Friday, May 7, 2010

The Stand - (Book Review)



When I first picked up a copy of Stephen King’s, The Stand - The Complete and Uncut Edition, in my local Borders Book Store, I wasn’t exactly sure what I was in for. The book is more than an inch and a half thick and over 1100 pages long. I am still in the middle of Stephen King’s Dark Tower series and those books themselves are pretty long, especially Wizard and Glass. But those seem to pale in comparison to the scope that this one novel tries to cover.

The story was great despite its minor shortcomings. A super virus destroys most of mankind and what’s left are various survivors trying to pull themselves together in a world of emptiness and destruction. The apocalyptic terrain that King created in this book is absolutely amazing. The loneliness the characters felt was loneliness that I felt right along with them. Death is around every corner, the corpses of people hit by the virus hiding in dark houses, along littered highways wrought with steel coffins. They are everywhere, a continuous reminder that life is so incredibly fragile.

The book is separated into three parts. The first part seems to be completely designed to introduce most if not all of the characters and their dreams - either of ‘the Dark Man,’ Randall Flagg, who is calling those with an impure heart to Las Vegas - or of Mother Abigail, a 108 year old black woman, who is calling those of a good heart to an old shack in Nebraska. The second part of the book describes the set up of Vegas and of Boulder, Colorado - the location that Mother Abigail moves her people to. Most of this section is about Mother Abigail’s group and how they enforce law and set up a committee and various other establishments that fell during the apocalyptic outbreak. The third part is the final stand off between good and evil, between the main characters from Mother Abigail’s group and Randall Flagg’s group.

There are so many characters in the story that I’m not going to bother listing them. My favorite was Nick Andros, the deaf mute. The characters were real, they were creative, and they were brilliantly brought forth on the pages of the book. Even when a character was only in the book for a page or two, they felt so incredibly dynamic. The reactions that each character has to the world that is falling apart around them was right on and I could tell that King put some time and energy into making sure of that.

What I love about Stephen King’s writing as I read more of his books is the way he ties in characters from one series into another. Randall Flagg is also the main protagonist in the Dark Tower series and I think he is one of the best villains I have read. He is the embodiment of pure evil, the very core of what is wrong with the world. That being said, I was a bit disappointed with the ending of the book. It felt very anticlimactic. When I expected a final showdown between the characters and one of the darkest beings the world has ever seen, I was bummed at how Randall Flagg was actually taken out of the picture. On top of that, some of the epilogue-style ending chapters seemed to serve no real purpose. I do agree that King should have had the basis of those chapters in the novel in some capacity, seeing how the reader ends up investing so much time into the book, but I think he could have done without some of the long, drawn out scenes he used.

This leads me to the biggest complaint I have about the novel: King has too much exposition in some parts of the book. I understand that uncut means uncut, but I’ve noticed the same thing about King in some of the Dark Tower books as well. There’s just too much description about things that don’t really progress the novel or carry the storyline further ahead.

Another complaint I have about the book is the uneven scenes. I would read very long chapters about one particular character only to get to the next chapter about another character and find the story has backtracked to run parallel with the chapter before it. This made me have to stop and figure out where I was exactly - chronologically speaking - in the book. I think the chapters could have been leveled out a little more evenly and the pace tuned up a bit.

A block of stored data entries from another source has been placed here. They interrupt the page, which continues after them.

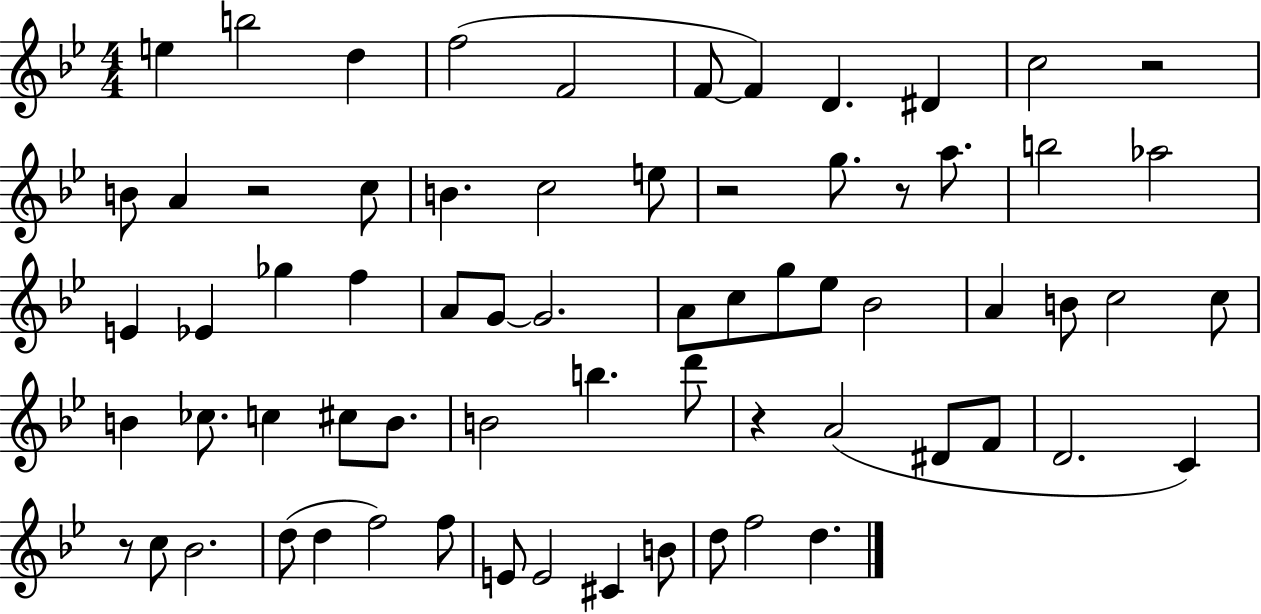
{
  \clef treble
  \numericTimeSignature
  \time 4/4
  \key bes \major
  \repeat volta 2 { e''4 b''2 d''4 | f''2( f'2 | f'8~~ f'4) d'4. dis'4 | c''2 r2 | \break b'8 a'4 r2 c''8 | b'4. c''2 e''8 | r2 g''8. r8 a''8. | b''2 aes''2 | \break e'4 ees'4 ges''4 f''4 | a'8 g'8~~ g'2. | a'8 c''8 g''8 ees''8 bes'2 | a'4 b'8 c''2 c''8 | \break b'4 ces''8. c''4 cis''8 b'8. | b'2 b''4. d'''8 | r4 a'2( dis'8 f'8 | d'2. c'4) | \break r8 c''8 bes'2. | d''8( d''4 f''2) f''8 | e'8 e'2 cis'4 b'8 | d''8 f''2 d''4. | \break } \bar "|."
}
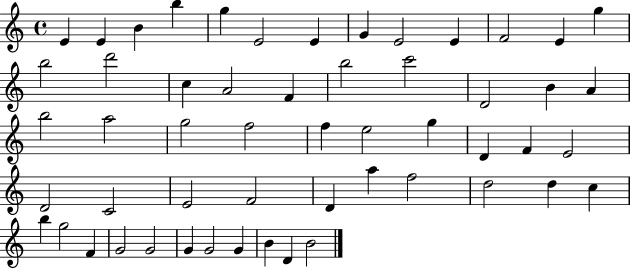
X:1
T:Untitled
M:4/4
L:1/4
K:C
E E B b g E2 E G E2 E F2 E g b2 d'2 c A2 F b2 c'2 D2 B A b2 a2 g2 f2 f e2 g D F E2 D2 C2 E2 F2 D a f2 d2 d c b g2 F G2 G2 G G2 G B D B2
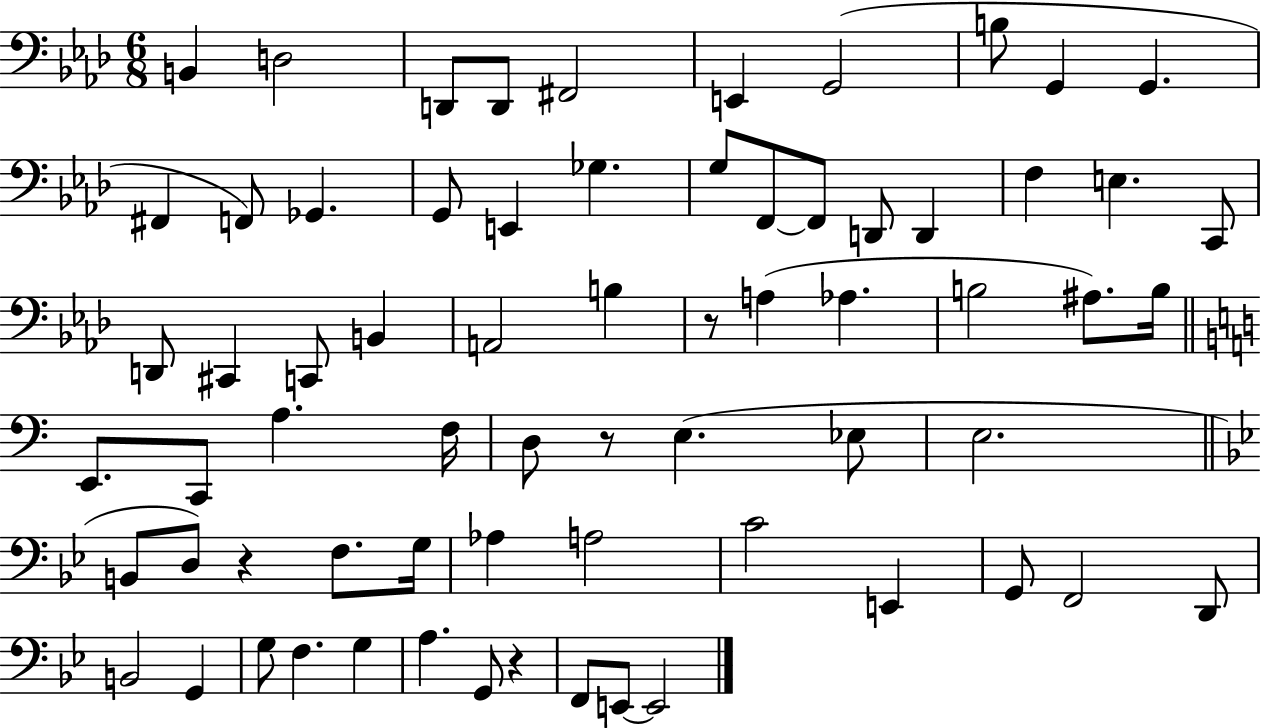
{
  \clef bass
  \numericTimeSignature
  \time 6/8
  \key aes \major
  b,4 d2 | d,8 d,8 fis,2 | e,4 g,2( | b8 g,4 g,4. | \break fis,4 f,8) ges,4. | g,8 e,4 ges4. | g8 f,8~~ f,8 d,8 d,4 | f4 e4. c,8 | \break d,8 cis,4 c,8 b,4 | a,2 b4 | r8 a4( aes4. | b2 ais8.) b16 | \break \bar "||" \break \key c \major e,8. c,8 a4. f16 | d8 r8 e4.( ees8 | e2. | \bar "||" \break \key bes \major b,8 d8) r4 f8. g16 | aes4 a2 | c'2 e,4 | g,8 f,2 d,8 | \break b,2 g,4 | g8 f4. g4 | a4. g,8 r4 | f,8 e,8~~ e,2 | \break \bar "|."
}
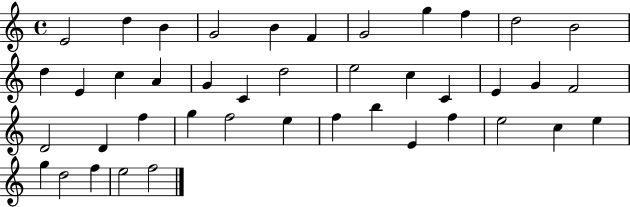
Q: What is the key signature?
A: C major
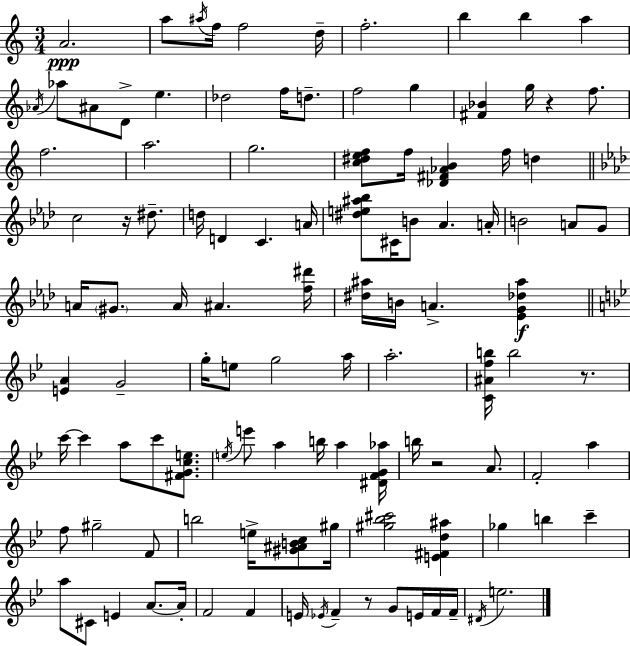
{
  \clef treble
  \numericTimeSignature
  \time 3/4
  \key a \minor
  a'2.\ppp | a''8 \acciaccatura { ais''16 } f''16 f''2 | d''16-- f''2.-. | b''4 b''4 a''4 | \break \acciaccatura { aes'16 } aes''8 ais'8 d'8-> e''4. | des''2 f''16 d''8.-- | f''2 g''4 | <fis' bes'>4 g''16 r4 f''8. | \break f''2. | a''2. | g''2. | <c'' dis'' e'' f''>8 f''16 <des' fis' aes' b'>4 f''16 d''4 | \break \bar "||" \break \key aes \major c''2 r16 dis''8.-- | d''16 d'4 c'4. a'16 | <dis'' e'' ais'' bes''>8 cis'16 b'8 aes'4. a'16-. | b'2 a'8 g'8 | \break a'16 \parenthesize gis'8. a'16 ais'4. <f'' dis'''>16 | <dis'' ais''>16 b'16 a'4.-> <ees' g' des'' ais''>4\f | \bar "||" \break \key bes \major <e' a'>4 g'2-- | g''16-. e''8 g''2 a''16 | a''2.-. | <c' ais' f'' b''>16 b''2 r8. | \break c'''16~~ c'''4 a''8 c'''8 <fis' g' c'' e''>8. | \acciaccatura { e''16 } e'''8 a''4 b''16 a''4 | <dis' f' g' aes''>16 b''16 r2 a'8. | f'2-. a''4 | \break f''8 gis''2-- f'8 | b''2 e''16-> <gis' ais' b' c''>8 | gis''16 <gis'' bes'' cis'''>2 <e' fis' d'' ais''>4 | ges''4 b''4 c'''4-- | \break a''8 cis'8 e'4 a'8.~~ | a'16-. f'2 f'4 | e'16 \acciaccatura { ees'16 } f'4-- r8 g'8 e'16 | f'16 f'16-- \acciaccatura { dis'16 } e''2. | \break \bar "|."
}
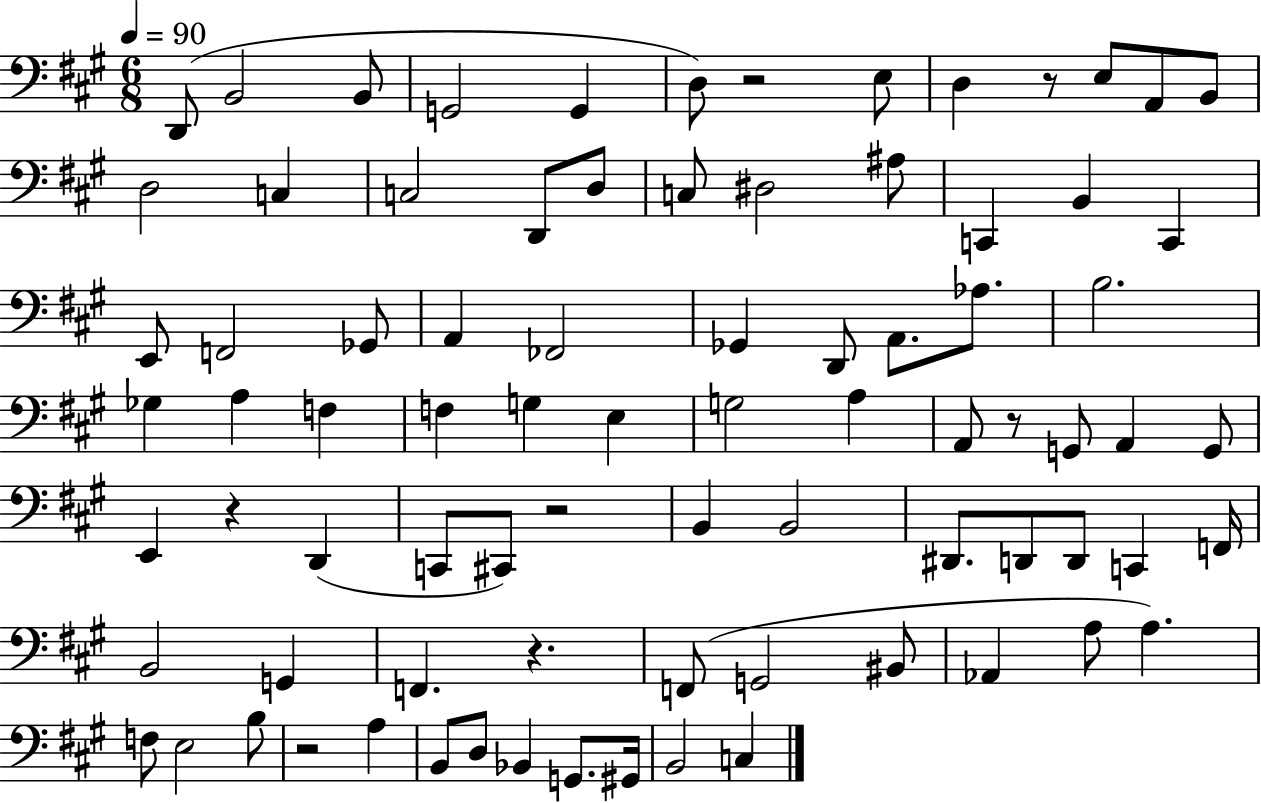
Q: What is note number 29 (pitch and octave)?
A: D2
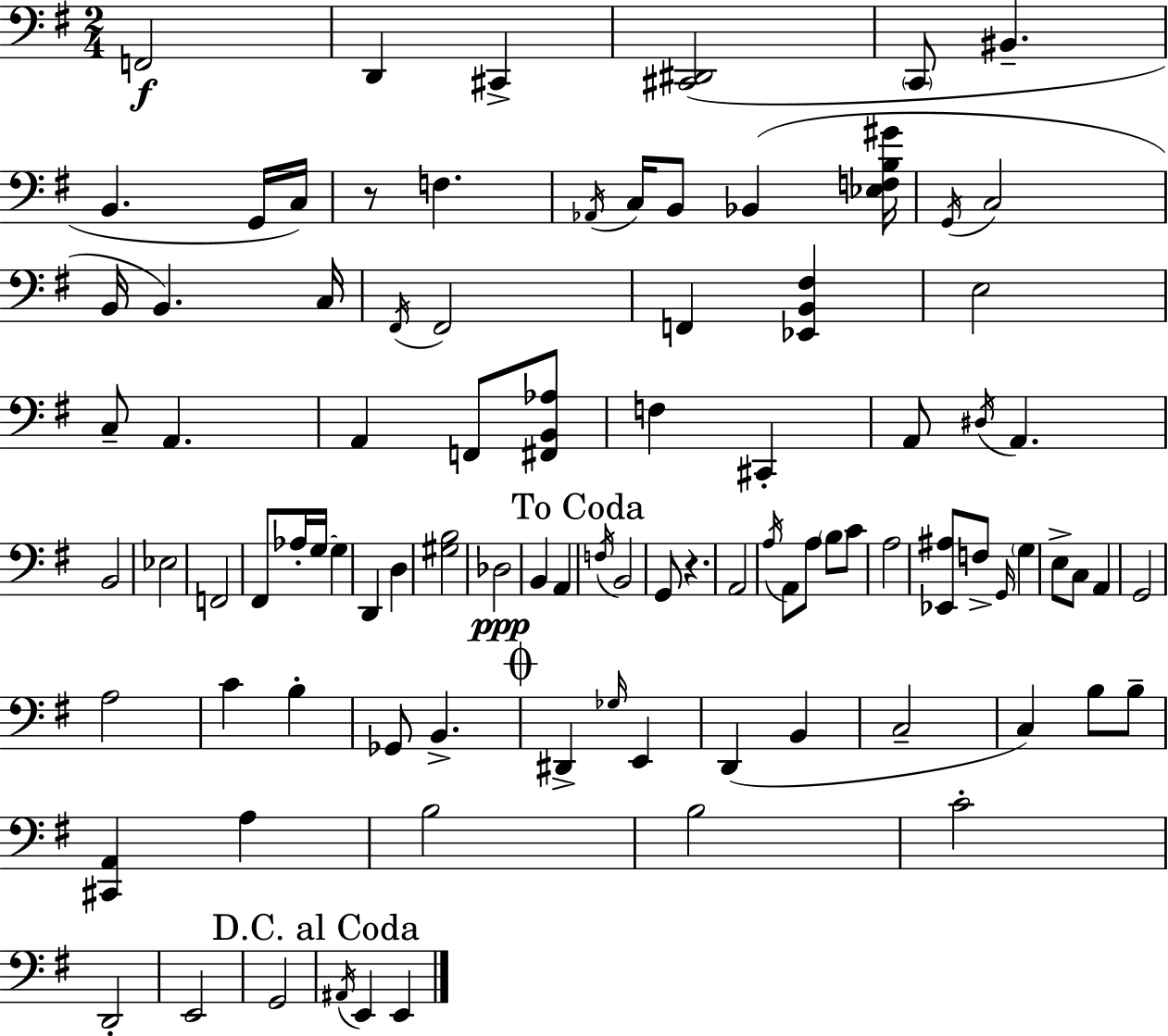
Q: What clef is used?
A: bass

All in all, The Stand is phenomenal and a definite must-read before dying. Put it on your bucket list. Just don’t purchase the uncut edition in paperback if you get headaches easily. The version I purchased from my local Borders had an extremely small font which only allowed me to read it in intervals. I probably would have been better off buying the eBook version and reading it on my computer.

I give the book four and a half stars out of five.